Scoprire adesso tutto quello che ha scritto, interpretato, diretto, detto o suggerito fa capire quale immensa artista e che persona di enorme spessore, generosa, intelligente, osservatrice e soprattutto non giudicante sia stata.

Leggere i suoi libri, fino all’ultimo pubblicato nel 2019, “Il Secolo della Noia”, leggere i suoi testi teatrali, rivedere le sue donne e i suoi spettacoli, sentire le sue interviste: si potrebbe dire che è un dovere, ma in realtà è un favore che si fa a se stessi. Franca riesce a condurre il pensiero attraverso strade non immaginate e rende migliori. Franca non voleva essere considerata vecchia e comportarsi da tale. Viveva la vita e la sua mente è rimasta brillante fino all’ultimo. Scoprirla o riscoprirla potrebbe essere considerato un elisir di lunga vita.
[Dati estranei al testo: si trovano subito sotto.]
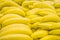 Bunch of yellow bananas in supermarket. Fresh and healthy. Shallow depth of field, focus on the front banana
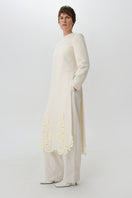 Worn side view of DELEGAN statement wool midi dress, showcasing its stylish fit and textured fabric.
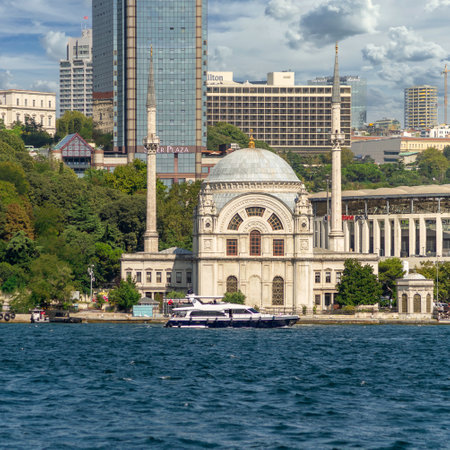 Istanbul, Turkey - August 29, 2022: View from Bosphorus Strait overlooking baroque waterside Dolmabahce Mosque, suited at the waterside of Kabatas, in Beyoglu districtのeditorial素材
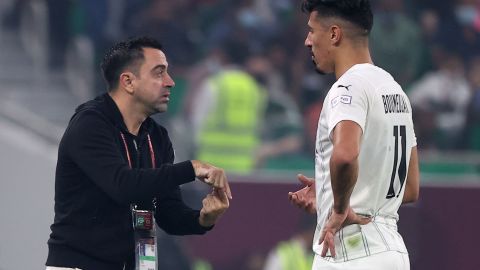 Xavi y Baghdad Bounedjah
E lei la vita l’ha avuta decisamente lunga e bellissima.
Se volete scoprire il suo archivio, sarà disponibile presso l’Accademia dei Filodrammatici a Milano a partire, probabilmente, dal 2021. Se invece volete ricordarla, potete fare una donazione alla Onlus da lei creata, la Onlus Franca Valeri, per i cani abbandonati.